Le président Erdoğan «voit des opportunités là où d’autres ne voient que des problèmes», déclarait récemment la directrice d’un think-tank turc. Après l’avoir fait au Soudan, en Somalie et en Libye, détruits et ruinés par des années de guerre civile, le numéro 1 turc semble en effet prêt à engager son pays dans l’Afghanistan des talibans. Mais sur quelles bases: ethniques, religieuses, stratégiques ou politiques?
Sans frontière commune, les deux pays partagent une histoire et des affinités, ethniques et religieuses. En 1921, l’Afghanistan fut le second pays, après l’Union soviétique, à reconnaître la république de Turquie. Sept ans plus tard, le monarque afghan, Amanullah, rend visite au président Mustafa Kemal, dit Atatürk et signe un traité de coopération.
Opposée à l’invasion soviétique de 1979, Ankara (en première ligne de l’Otan face à l’URSS) se range du côté de l’alliance du nord du commandant Massoud, et soutient tout particulièrement l’un de ses chefs, Abdul Rachid Dostom, lequel trahit pourtant le Lion du Panshir à maintes reprises. Ce soutien turc se fonde sur des affinités ethniques et linguistiques puisque Dostum est ouzbek et turcophone. De 1996 à 2001, durant la première période de pouvoir taliban, la Turquie accueille son protégé. Accusé de viol, Dostum y reviendra passer un an en 2017-2018 pour échapper à la justice.
Cette fois, en revanche, le chef de guerre ouzbek, en tête de liste des personnalités recherchées par les talibans, n’a pas pris le chemin de l’exil turc: il a fui en Ouzbékistan et au Kazakhstan. Car «Erdoğan n’a guère d’atomes crochus avec cet homme ultra-violent, corrompu et alcoolique», selon le professeur à Paris 1, Gilles Dorronsoro, l’un des meilleurs experts français de l’Afghanistan.
«Le souverainisme prime»
À la suite du 11-Septembre, la Turquie est le premier pays musulman à se joindre à l’alliance américaine en Afghanistan. Mais Ankara pose ses conditions: d’accord pour que ses soldats assurent la sécurité de l’aéroport, forment des forces de sécurité afghanes et fournissent un support logistique à l’Otan, mais pas question d’engager des unités combattantes. La Turquie participe au programme de reconstruction d’écoles, d’hôpitaux, de routes et de ponts dans les provinces de Wardak et Djôzdjân. «En comparaison d’autres opérateurs étrangers, les Turcs se mêlent beaucoup plus à la population, jouant la proximité culturelle», indique le chercheur associé à l’Institut des études françaises sur l’Asie centrale, Didier Chaudet.

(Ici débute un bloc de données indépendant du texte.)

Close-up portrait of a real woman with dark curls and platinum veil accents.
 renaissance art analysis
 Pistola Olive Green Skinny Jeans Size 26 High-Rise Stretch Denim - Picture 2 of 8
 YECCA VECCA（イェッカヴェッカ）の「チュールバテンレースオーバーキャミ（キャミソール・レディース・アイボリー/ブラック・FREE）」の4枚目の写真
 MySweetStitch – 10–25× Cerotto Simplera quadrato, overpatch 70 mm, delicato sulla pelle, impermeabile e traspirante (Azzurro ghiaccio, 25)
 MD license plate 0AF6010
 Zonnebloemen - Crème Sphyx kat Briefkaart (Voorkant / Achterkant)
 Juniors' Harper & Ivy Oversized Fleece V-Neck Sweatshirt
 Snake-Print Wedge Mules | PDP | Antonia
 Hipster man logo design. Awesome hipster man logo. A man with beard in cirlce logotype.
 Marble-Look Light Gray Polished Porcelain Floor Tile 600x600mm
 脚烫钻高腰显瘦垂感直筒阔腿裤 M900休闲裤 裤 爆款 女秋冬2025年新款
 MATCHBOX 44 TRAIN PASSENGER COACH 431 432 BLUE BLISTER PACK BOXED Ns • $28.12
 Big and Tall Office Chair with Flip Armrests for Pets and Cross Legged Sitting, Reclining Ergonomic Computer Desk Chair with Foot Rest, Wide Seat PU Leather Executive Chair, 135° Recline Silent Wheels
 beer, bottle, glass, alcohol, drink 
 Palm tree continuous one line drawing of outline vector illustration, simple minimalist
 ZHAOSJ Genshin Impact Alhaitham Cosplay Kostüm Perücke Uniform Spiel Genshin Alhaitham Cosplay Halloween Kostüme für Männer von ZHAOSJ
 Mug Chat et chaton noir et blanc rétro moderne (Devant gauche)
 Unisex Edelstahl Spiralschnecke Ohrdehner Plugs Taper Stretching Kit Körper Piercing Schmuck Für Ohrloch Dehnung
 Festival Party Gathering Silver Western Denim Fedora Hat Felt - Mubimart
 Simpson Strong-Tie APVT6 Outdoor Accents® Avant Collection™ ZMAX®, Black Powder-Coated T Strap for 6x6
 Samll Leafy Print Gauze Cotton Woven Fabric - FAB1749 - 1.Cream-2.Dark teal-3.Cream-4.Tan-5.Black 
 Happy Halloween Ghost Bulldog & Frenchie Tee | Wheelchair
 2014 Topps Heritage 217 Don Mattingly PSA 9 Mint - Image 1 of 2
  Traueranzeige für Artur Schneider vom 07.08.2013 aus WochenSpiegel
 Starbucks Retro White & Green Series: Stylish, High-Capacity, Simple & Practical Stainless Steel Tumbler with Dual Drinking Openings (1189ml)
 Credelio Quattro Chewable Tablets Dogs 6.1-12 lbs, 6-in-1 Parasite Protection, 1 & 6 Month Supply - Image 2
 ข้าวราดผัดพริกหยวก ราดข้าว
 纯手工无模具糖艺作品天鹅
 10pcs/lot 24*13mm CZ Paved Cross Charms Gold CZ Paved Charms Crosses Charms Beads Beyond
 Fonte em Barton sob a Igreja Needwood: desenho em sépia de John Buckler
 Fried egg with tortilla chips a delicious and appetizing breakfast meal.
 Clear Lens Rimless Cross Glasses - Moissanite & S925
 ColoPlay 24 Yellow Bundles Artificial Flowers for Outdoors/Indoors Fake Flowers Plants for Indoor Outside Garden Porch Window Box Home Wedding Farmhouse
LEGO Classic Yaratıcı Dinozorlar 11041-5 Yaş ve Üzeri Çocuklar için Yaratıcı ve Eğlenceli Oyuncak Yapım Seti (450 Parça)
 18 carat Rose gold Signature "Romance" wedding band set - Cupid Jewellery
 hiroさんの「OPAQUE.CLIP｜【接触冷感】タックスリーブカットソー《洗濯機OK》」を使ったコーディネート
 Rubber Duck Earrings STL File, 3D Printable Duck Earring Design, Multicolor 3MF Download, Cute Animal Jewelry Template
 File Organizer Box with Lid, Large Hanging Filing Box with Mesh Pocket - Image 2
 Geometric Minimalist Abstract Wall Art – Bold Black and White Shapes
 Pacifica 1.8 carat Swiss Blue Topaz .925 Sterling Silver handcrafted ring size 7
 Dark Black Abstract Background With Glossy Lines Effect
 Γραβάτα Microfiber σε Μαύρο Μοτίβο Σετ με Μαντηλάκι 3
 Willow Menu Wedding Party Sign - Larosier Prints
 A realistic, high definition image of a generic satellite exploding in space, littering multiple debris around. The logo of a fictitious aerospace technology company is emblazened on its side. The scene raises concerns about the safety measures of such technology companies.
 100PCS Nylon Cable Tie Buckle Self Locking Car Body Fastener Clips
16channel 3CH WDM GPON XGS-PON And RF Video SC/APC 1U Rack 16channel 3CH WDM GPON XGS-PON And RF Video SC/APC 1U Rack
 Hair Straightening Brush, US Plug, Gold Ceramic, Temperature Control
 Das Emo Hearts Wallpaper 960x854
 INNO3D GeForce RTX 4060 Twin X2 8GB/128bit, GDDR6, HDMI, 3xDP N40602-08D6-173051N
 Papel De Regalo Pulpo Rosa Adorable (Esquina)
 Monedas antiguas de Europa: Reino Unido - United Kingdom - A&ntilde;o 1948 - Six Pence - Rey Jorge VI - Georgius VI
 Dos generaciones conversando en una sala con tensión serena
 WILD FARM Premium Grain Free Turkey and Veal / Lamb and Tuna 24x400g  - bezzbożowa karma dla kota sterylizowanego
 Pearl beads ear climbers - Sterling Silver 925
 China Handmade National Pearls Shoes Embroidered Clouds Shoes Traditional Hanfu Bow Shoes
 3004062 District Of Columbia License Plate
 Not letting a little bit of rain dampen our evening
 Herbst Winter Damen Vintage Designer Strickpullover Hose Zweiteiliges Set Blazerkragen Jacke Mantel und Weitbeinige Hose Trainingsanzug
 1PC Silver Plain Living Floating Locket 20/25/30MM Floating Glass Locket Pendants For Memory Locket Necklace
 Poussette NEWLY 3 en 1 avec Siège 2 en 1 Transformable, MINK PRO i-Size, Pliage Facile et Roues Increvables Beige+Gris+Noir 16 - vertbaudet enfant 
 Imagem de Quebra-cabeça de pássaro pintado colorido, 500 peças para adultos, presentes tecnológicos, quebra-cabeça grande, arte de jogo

«Les Turcs reviennent tout de même de loin, remarque Gilles Dorronsoro. Après avoir longtemps soutenu Dostum, un criminel de guerre, ils avaient un virage difficile à prendre. Or, ils ont su abandonner en Afghanistan la politique turque classique, celle qu’on les a vus pratiquer en Syrie ou à Chypre, une solidarité quasi exclusive avec les populations turciques, au profit d’une collaboration en tant que puissance musulmane.»
«Les talibans ne veulent pas des soldats turcs, qu’ils soient musulmans ne change rien.»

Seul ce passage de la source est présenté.